A. Keith Stewart, MB, ChB: What dose do you use, Tom?

Thomas Martin, MD: Typically for people over the age 70, I start them off at 300 mg daily and then I’ll go to 600 mg. If they’re younger, I start them off at 400 mg and inch my way up to 700 mg or 800 mg.

A. Keith Stewart, MB, ChB: What’s your target, 800 mg or…?

Thomas Martin, MD: I think somewhere between 600 mg and 800 mg is the target dose. That said, I have an 85-year-old that’s on 100 mg. He has been on it for the last year and he’s in remission and doing fine. So, I do think there’s a variability in terms of a dose that you need for this drug.

A. Keith Stewart, MB, ChB: Even up to 1200 mg in a clinical trial, and I’ve used that. I do think it’s a bit of a dose effect, too.

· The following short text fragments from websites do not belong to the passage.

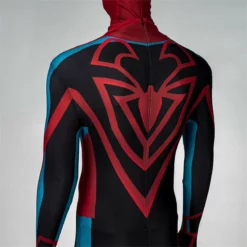 1999 Spider-Man Unlimited Cosplay Costume Unlimited Spider Jumpsuit Halloween Carnival Suit -cosplay Sales Shop spider man unlimited jumpsuit 4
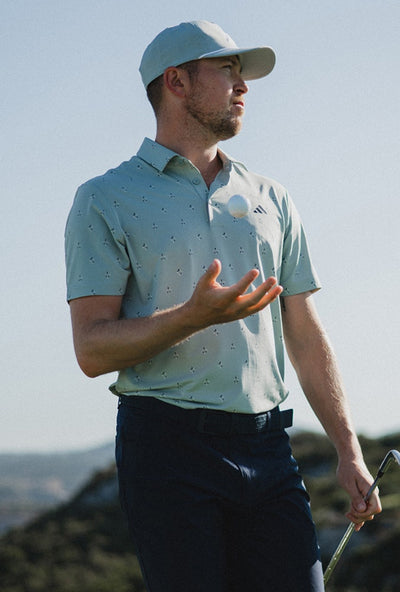 Adidas Golf - SS26 Campaign Look #10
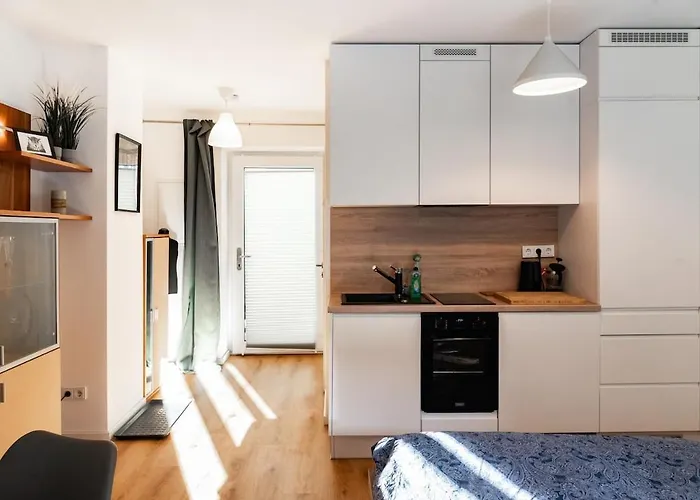 Apartment Mit Terrasse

Amrita Krishnan, MD, FACP: Any of you guys using single agents or are you using combinations?

A. Keith Stewart, MB, ChB: Both, but mostly single agents in 11;14. Again, this is off. Their clinical trial is underway. It’s not FDA approved. You can obtain it on compassionate grounds. Ajai?

Ajai Chari, MD: I would like to see a larger study because I’m not really clear. I’ve had patients with limited activity so far, but I think I would like to see, ideally, a biomarker-based study where you’re stratified and you get randomized to plus/minus and show what really happens. Because all the studies so far have been relatively small numbers, I think the question that was asked yesterday of Dr. Costa was what is the venetoclax adding to Kd in this setting, which I think it’s not a fair comparison because these are small numbers. But that’s why I’m holding my judgment until I see the randomized phase III.